SUPPLIED INFORMATION Block Start
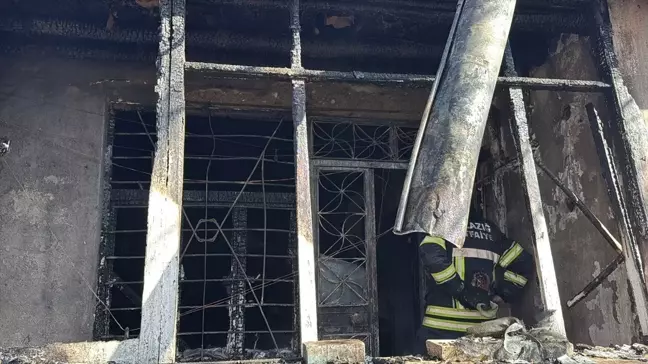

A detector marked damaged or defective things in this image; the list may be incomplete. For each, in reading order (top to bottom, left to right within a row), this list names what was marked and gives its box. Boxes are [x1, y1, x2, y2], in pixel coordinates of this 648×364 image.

charred timber frame [137, 0, 185, 362]
charred wooden beam [137, 0, 186, 362]
charred column [394, 0, 516, 247]
charred wooden beam [394, 0, 516, 247]
charred timber frame [504, 46, 564, 338]
charred wooden beam [502, 44, 568, 336]
charred timber frame [588, 0, 648, 336]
SUPPLIED INFORMATION Block End
Whatever the records hold apart from pictures should be repeated exactly.

A detector marked damaged or defective things in this image; the list may be incomplete. For each, in reading order (top to bottom, left to right within a row), this list names what was marked and gives its box. Boxes are [x1, y1, x2, y2], in pixel coordinates of this 648×364 image.

charred timber frame [137, 0, 185, 362]
charred wooden beam [137, 0, 186, 362]
charred column [394, 0, 516, 247]
charred wooden beam [394, 0, 516, 247]
charred timber frame [504, 46, 564, 338]
charred wooden beam [502, 44, 568, 336]
charred timber frame [588, 0, 648, 336]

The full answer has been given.